Un film nous l’a montré toujours aussi humble, aussi discrète, arpentant les rues de son petit village, entrant dans les bars où ses chansons étaient jadis payées par quelques verres, et les voisins sont encore là.
Depuis elle a pris le large, mais où qu’elle soit, ses chansons restent marquées par les parfums de citron vert et de cannelle, des histoires des gens de son pays.
Chansons d’amours déçues, d’exil, de nuits et de désirs, dans une langue étrange et familière, qui nous enveloppe profondément, comme une saudade intime, cette nostalgie qui colle à l’âme.
Cise remue une mélancolie que nous devions porter en Vous depuis toujours.

Comme des lucioles magiques au milieu des ténèbres, lancinantes et virevoltantes, les musiques de Cesaria Evora apaisent, envoûtent. Ces musiques, proches parfois des coquillages laissés par l’absence, sont consolées par le mystère si proche de sa voix. Entendre Cesaria Evora sur scène, c’est déjà entendre la pleine mer et les navires de toutes les Musiques, pleins de vent et d’odeurs.
Cesaria Evora ne donne pas dans l’exotisme clinquant offert à nos charters d’Européens et notre monde pressé, en permanence prêt à zapper.

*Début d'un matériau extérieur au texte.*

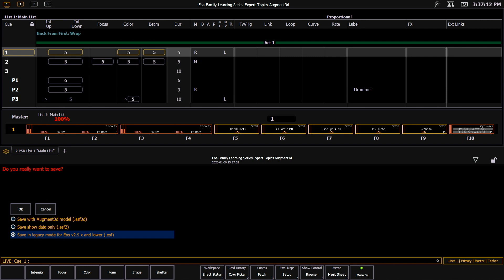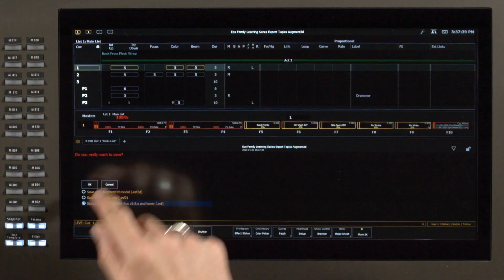Saving as a .ESF legacy file is a one-time event, and shift update will never assume that that's what you want to do next time. For now, I'm just going to say cancel.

Elle, mama avec la cruche de ses chansons posée dans sa tête, nous apporte un tendre parfum d’enfance, tous les pots de confiture enfin à notre portée, une chaleur maternelle enfouie. Mais elle irradie aussi une malice piquante et surtout une grande authenticité.
Bien des oiseaux des îles passent par sa voix chaude, et elle trône comme une princesse africaine, rendant non la justice mais la joie au milieu du cabaret de ses musiciens.
Elle chante simplement, si simplement que son chant redevient rosée de nostalgie.

Cise, gentille et timide, espiègle et enfantin presque maladroite sur scène, est souvent assise proche d’une table à la dérive et d’une bouteille contenant tous les messages des naufrageurs. Elle nous parle de beauté perdue, et il pleut doucement une incertaine tristesse sur nos soleils trop secs. Les palmes attendent l’enfance de l’eau, sa voix l’apporte.
Grande joie de petites gens enfermées dans sa musique, un spectacle de Césaria Evora est une sorte de joie intime qui berce et nous apprend la tendresse.
Loin des musiques bariolées, l’entêtante musique de Césaria Evora brûle la mémoire et laisse du sucré et du salé derrière elle, miel et piments enlacés.